═════ Data provided ═════

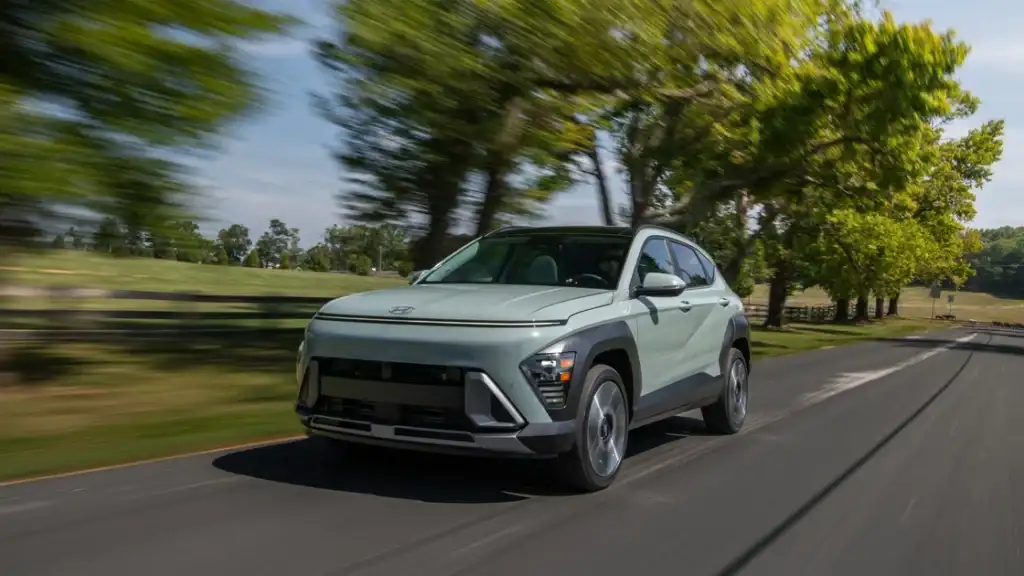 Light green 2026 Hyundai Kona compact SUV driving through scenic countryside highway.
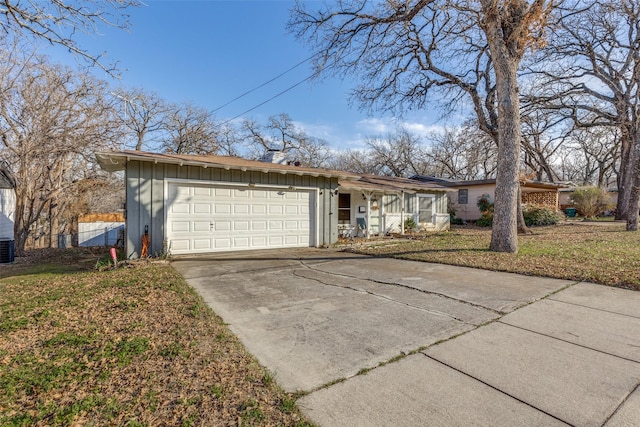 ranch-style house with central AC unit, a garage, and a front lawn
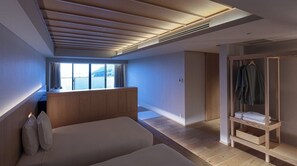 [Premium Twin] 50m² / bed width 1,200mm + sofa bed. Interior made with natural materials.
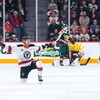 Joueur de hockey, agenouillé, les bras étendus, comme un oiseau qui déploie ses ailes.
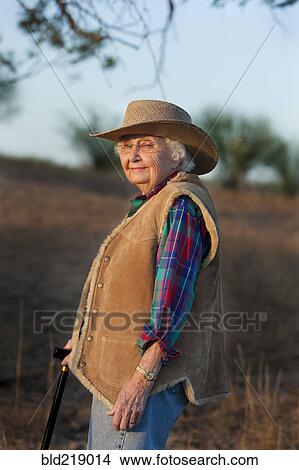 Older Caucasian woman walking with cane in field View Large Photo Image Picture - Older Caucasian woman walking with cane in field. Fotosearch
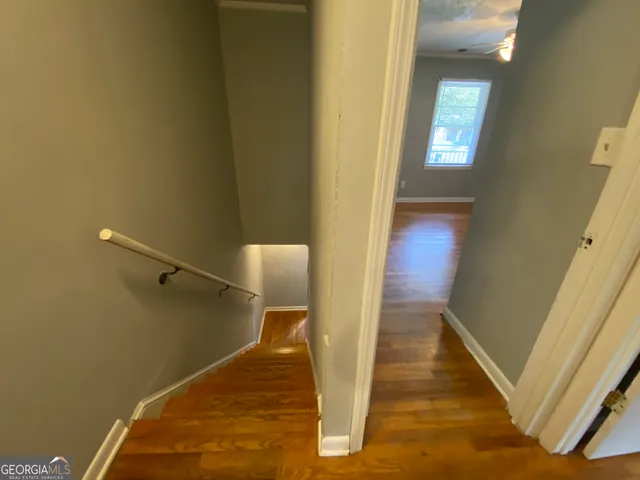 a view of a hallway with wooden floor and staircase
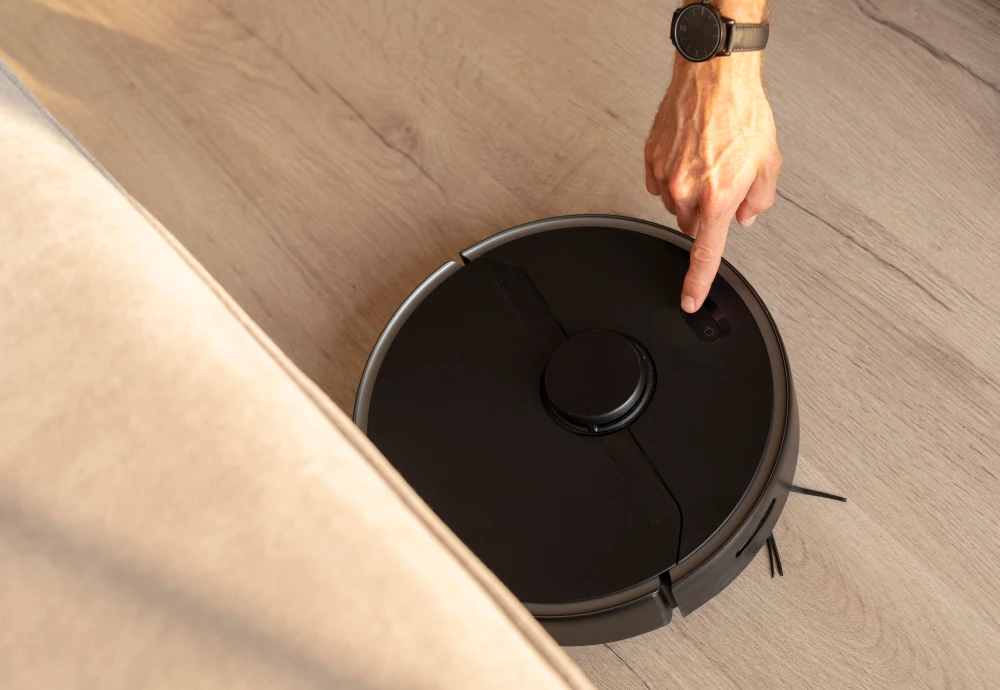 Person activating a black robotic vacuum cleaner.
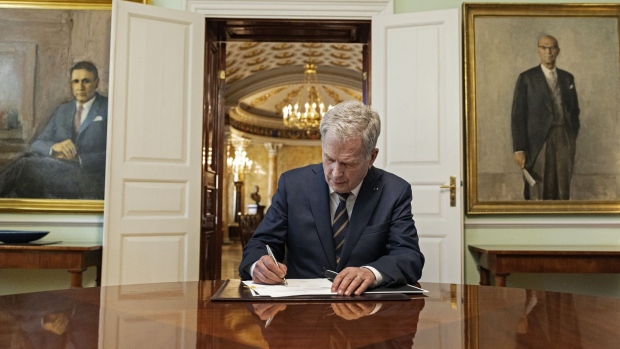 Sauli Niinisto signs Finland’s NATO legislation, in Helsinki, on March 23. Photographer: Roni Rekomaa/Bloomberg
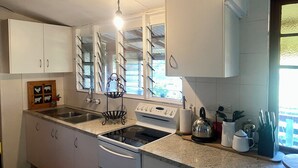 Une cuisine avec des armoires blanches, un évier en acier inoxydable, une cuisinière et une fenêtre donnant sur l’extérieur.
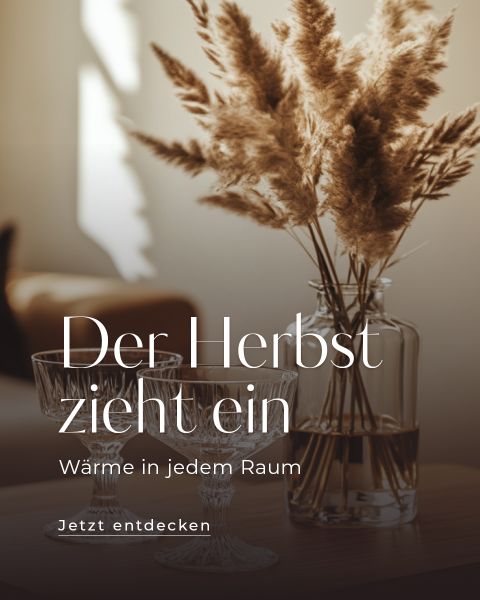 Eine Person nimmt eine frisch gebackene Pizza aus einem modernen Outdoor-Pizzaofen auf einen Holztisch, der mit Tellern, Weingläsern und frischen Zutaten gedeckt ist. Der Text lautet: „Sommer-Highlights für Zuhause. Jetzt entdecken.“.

═════

-- What is required --
Having located the line with "Older Caucasian woman walking with cane in field View", transcribe exactly and only the lines from it to the final line of the material, skipping the pictures.

-- Solved exercise --
 Older Caucasian woman walking with cane in field View Large Photo Image Picture - Older Caucasian woman walking with cane in field. Fotosearch
 a view of a hallway with wooden floor and staircase
 Person activating a black robotic vacuum cleaner.
 Sauli Niinisto signs Finland’s NATO legislation, in Helsinki, on March 23. Photographer: Roni Rekomaa/Bloomberg
 Une cuisine avec des armoires blanches, un évier en acier inoxydable, une cuisinière et une fenêtre donnant sur l’extérieur.
 Eine Person nimmt eine frisch gebackene Pizza aus einem modernen Outdoor-Pizzaofen auf einen Holztisch, der mit Tellern, Weingläsern und frischen Zutaten gedeckt ist. Der Text lautet: „Sommer-Highlights für Zuhause. Jetzt entdecken.“.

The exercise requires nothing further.